A complex example: identifying over-provisioned containers
The example in this section queries metrics from Prometheus and the node_exporter
to identify Kubernetes containers that are over-provisioned. In this query, you find containers whose ninety-ninth percentile memory utilization is low, like this:
WITH memory_allowed as (
SELECT
labels(series_id) as labels,
value,
min(time) start_time,
max(time) as end_time
FROM container_spec_memory_limit_bytes total
WHERE value != 0 and value != 'NaN'
GROUP BY series_id, value
)
SELECT
val(memory_used.container_id) container,
percentile_cont(0.99)
within group(order by memory_used.value/memory_allowed.value)
AS percent_used_p99,
max(memory_allowed.value) max_memory_allowed
FROM container_memory_working_set_bytes AS memory_used
INNER JOIN memory_allowed
ON (memory_used.time >= memory_allowed.start_time AND
memory_used.time <= memory_allowed.end_time AND
eq(memory_used.labels,memory_allowed.labels))

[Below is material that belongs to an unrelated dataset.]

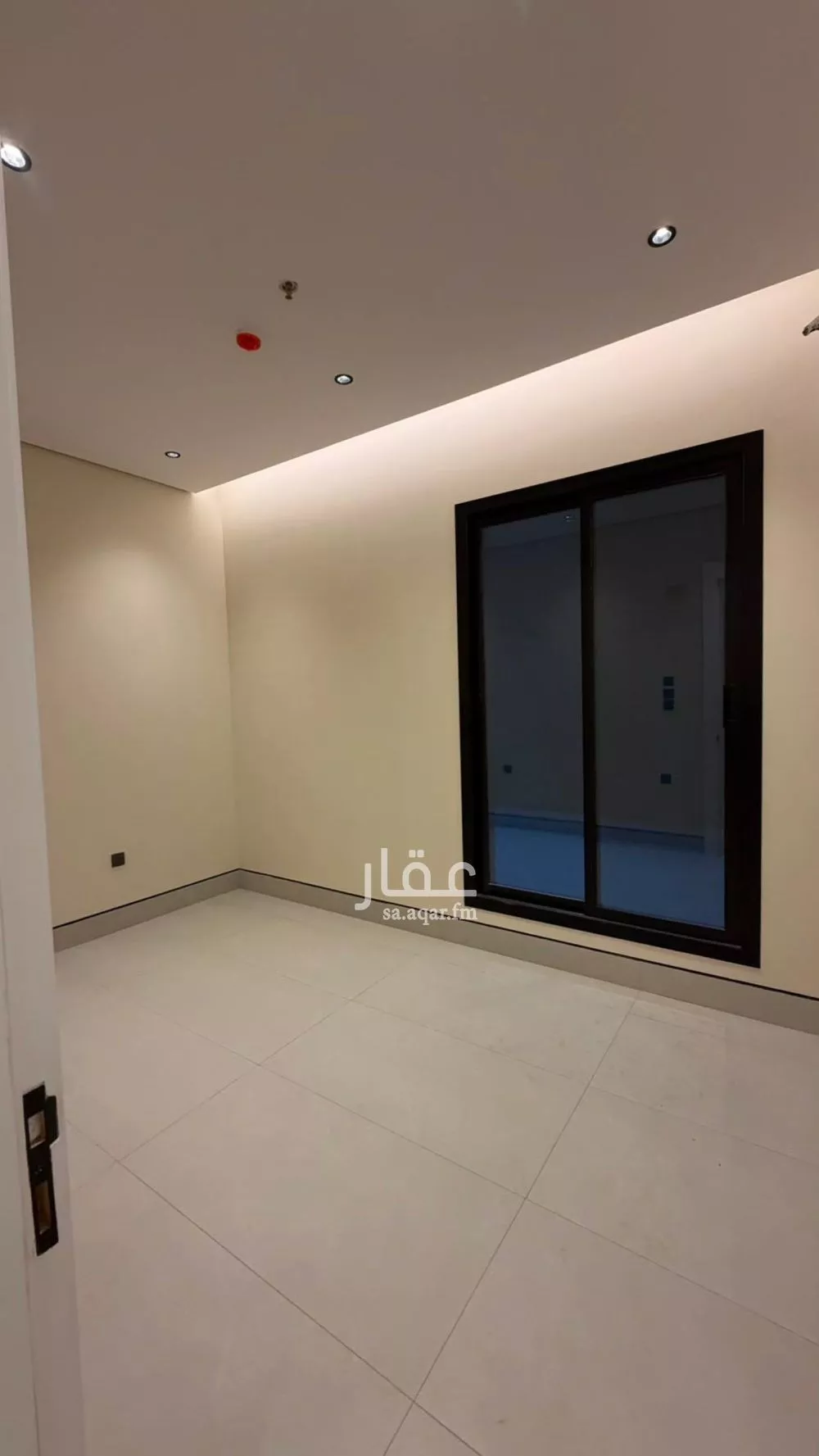 3 bedroom apartment in King Fahd, Riyadh 8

WHERE memory_used.value != 'NaN'
GROUP BY container
ORDER BY percent_used_p99 ASC
LIMIT 100;
An example of the output for this query:
| container | percent_used_p99 | total |
|--------------------------------|-------------------------|-------------|
| cluster-overprovisioner-system | 6.961822509765625e-05 | 4294967296 |
| sealed-secrets-controller | 0.00790748596191406 | 1073741824 |
| dumpster | 0.0135690307617187 | 268435456 |
This example uses cAdvisor
, as an example of the sorts of sophisticated analysis enabled by Promscale’s support to query your data in SQL.